■ Work instructions:
Take the entries that follow and return only the lines from the one with "#ElonMusk #system" through the final line, leaving every picture behind.

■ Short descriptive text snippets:
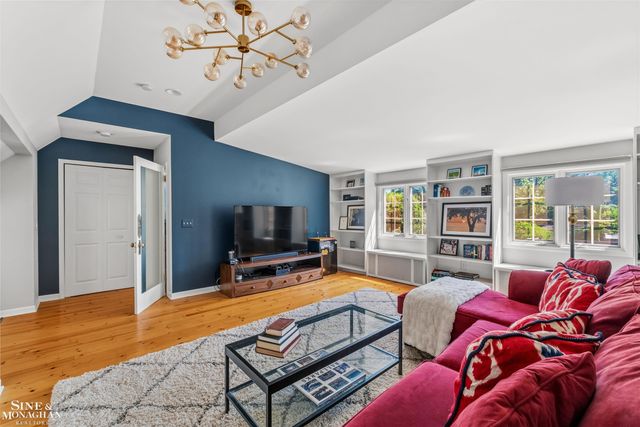 398 Rivard Boulevard, Grosse Pointe, MI 48230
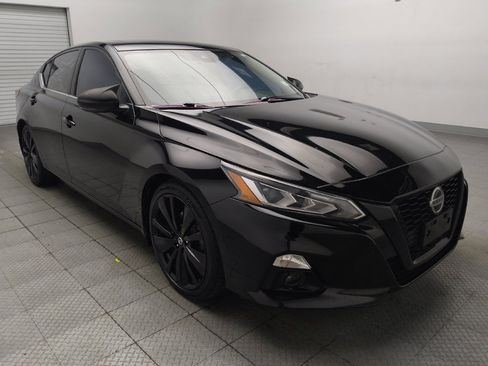Used 2022 Nissan Altima 2.5 SR w/ Midnight Edition Package FWD image 13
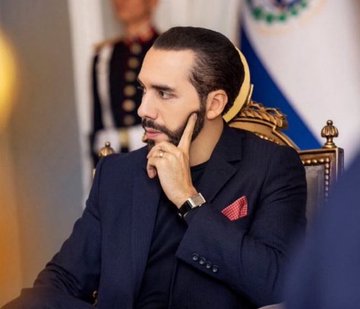 dtncorp's tweet image. BREAKING: Elon Musk calls for implementing the Bukele system in the courts.  Bukele: “If you don’t impeach the corrupt judges, you cannot fix the country.” 
#ElonMusk #system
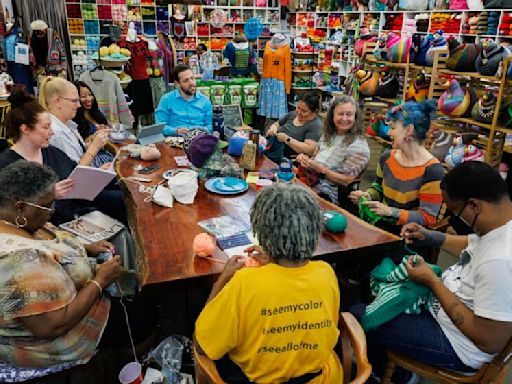 Abcarian: Inglewood knitting store that's all about emotional support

■ Output for this exercise:
#ElonMusk #system
 Abcarian: Inglewood knitting store that's all about emotional support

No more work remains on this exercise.